Durant la campagne 2023-2024, les pays d’Afrique du Nord devaient  importer plus de blé tendre (30,3 Mt, source Conseil international des céréales) et de blé dur (3,7 Mt) que durant celle qui vient de s’achever. Ensemble, ils achèteront deux fois plus de grains qu’ils n’en récolteront (17,2 Mt de blé tendre et 3,5 Mt de blé dur) et ils sont prêts à en payer le prix.

Dans le Maghreb, le pain est un aliment de base essentiel. Plus de 200 kg sont consommés par personne et par an. Aucun gouvernement ne peut se permettre d’instaurer un quelconque rationnement.

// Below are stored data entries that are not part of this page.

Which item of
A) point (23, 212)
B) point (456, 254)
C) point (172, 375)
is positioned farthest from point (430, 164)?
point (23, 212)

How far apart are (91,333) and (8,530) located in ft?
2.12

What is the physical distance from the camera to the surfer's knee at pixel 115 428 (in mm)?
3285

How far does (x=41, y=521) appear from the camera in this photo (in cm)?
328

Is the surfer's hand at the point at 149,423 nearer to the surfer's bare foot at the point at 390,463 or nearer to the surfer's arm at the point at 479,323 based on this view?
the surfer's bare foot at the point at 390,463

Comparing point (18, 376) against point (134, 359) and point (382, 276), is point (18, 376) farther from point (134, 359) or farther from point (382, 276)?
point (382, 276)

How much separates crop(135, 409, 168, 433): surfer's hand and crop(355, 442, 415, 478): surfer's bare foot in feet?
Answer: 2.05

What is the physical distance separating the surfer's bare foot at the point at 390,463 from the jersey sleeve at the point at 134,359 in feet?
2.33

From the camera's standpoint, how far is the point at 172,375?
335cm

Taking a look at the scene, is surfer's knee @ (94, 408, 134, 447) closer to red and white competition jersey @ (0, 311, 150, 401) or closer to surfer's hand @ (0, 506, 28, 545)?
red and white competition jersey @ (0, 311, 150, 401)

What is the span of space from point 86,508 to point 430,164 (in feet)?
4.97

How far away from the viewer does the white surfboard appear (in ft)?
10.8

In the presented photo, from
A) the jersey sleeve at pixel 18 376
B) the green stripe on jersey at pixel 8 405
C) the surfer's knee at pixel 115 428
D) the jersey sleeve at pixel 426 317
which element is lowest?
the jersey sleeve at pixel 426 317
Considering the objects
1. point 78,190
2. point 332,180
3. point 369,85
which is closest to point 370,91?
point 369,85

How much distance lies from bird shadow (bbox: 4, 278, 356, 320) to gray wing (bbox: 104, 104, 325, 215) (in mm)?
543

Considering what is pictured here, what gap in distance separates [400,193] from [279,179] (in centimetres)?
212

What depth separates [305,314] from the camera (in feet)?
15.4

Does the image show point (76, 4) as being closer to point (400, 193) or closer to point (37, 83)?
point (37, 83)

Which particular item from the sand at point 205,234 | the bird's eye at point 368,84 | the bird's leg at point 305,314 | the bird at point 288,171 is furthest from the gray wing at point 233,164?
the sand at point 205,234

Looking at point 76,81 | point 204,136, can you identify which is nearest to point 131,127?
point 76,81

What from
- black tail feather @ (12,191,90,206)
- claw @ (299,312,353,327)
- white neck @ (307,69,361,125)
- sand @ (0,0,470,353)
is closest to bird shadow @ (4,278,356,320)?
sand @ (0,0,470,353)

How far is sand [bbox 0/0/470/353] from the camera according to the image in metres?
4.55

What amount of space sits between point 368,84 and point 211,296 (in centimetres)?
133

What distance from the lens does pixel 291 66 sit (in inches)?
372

L’Egypte sera le premier pays importateur au monde de blé (11,7 Mt) et l’Algérie, le troisième (8,4 Mt). Le royaume des pharaons doit la régularité de sa production de blé (9,9 Mt) à l’irrigation de ses cultures par le Nil. Mais cette année, l’Algérie (2,6 Mt) et la Tunisie (0,6 Mt) sont confrontées à une terrible sécheresse. Quant au Maroc (4 Mt), la priorité y est à la reconstitution de stocks (cf encadré). L’an passé, le royaume chérifien cumulait les catastrophes. Après la crise sanitaire de la Covid, il a été affecté par une sécheresse la plus torride de son histoire. Trois fois moins de blé (2,5 Mt) avait été récolté qu’en 2021.

 

Le conflit ukrainien : des pays en état d’urgence

« Lorsque la Russie a envahi l’Ukraine au mois de février 2022, l’Union européenne a joué la carte de la transparence en mettant toutes ses céréales disponibles à l’export sur le marché, sans restrictions diplomatiques », souligne Yann Lebeau, Responsable du bureau Afrique d’Intercéréales.

La France a joué la carte de l’apaisement en fournissant du blé à tous les pays qui le demandaient. Mais à l’est de l’Union européenne, la Roumanie et la Hongrie ont tardé de vendre leurs grains en espérant que les cours des céréales dépasseront les records observés l’automne passé.

Mais aujourd’hui, ces cours sont revenus à leurs niveaux de 2021 car les marchés mondiaux des céréales sont à l’équilibre. L’offre mondiale de céréales est abondante. L’USDA a même annoncé une production mondiale record de blé de 800 Mt durant la campagne 2023-2024.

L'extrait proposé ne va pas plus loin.